Brexit, of course, is often understood to constitute a rejection of austerity, of Osborne's economics. But in truth, Cameron and Osborne's only mistake was to underestimate the British public's lust for punishment. (It's not that people don't want to be happy, but we're like medieval ascetics wearing hair shirts, their skin itching all the time for their sins. The happiness only comes after we die.) What else does Brexit represent, after all, than the extension of austerity's logic beyond the marketplace, into England's blood and soil? Once England has drawn itself back from the world, the Brexiteers claim – once there are no more immigrants nor even any provinces to bother our sceptred land – then the time will be right for us to stride back confidently onto the world stage. Brexit is the austerity of the imagination.

Osborne was great at utilising this ascetic logic for his own ends. Until, I suppose, he wasn't. And then Theresa May turned out to be the real master.

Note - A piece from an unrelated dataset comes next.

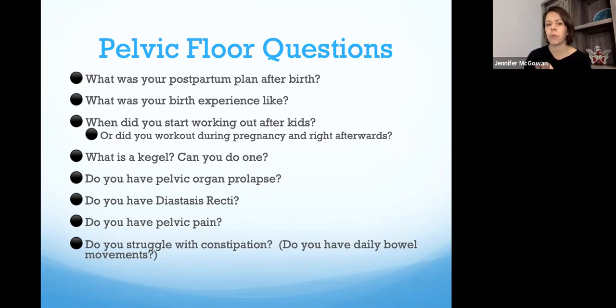Most of those are rhetorical questions because usually the answer is they did not have any type of plan — which is what pelvic PTs and pelvic floor fitness professionals are really trying to build awareness around: how to safely get back into strengthening postpartum. Do you know if you have a pelvic organ prolapse? What is a kegel? Do you know how to do one? Do you even need to do one? We'll also talk about when you might need to strengthen versus relax the pelvic floor, diastasis screening, pelvic pain with urination, bowel movements, intercourse, and constipation.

He's probably not done yet, though. In truth, Osborne's resignation as an MP most likely represents little more than the end of the first act of his political career. "I am stepping down from the House of Commons – for now," is the pregnant language he's chosen for his resignation statement. Out of parliament, Osborne can start to function for the Tories as a David Miliband-style king under the mountain: whenever great crisis threatens his faction of the party, Osborne's loyalists will assume he is ready to awaken, sally forth, stand in a by-election somewhere, sweep to victory.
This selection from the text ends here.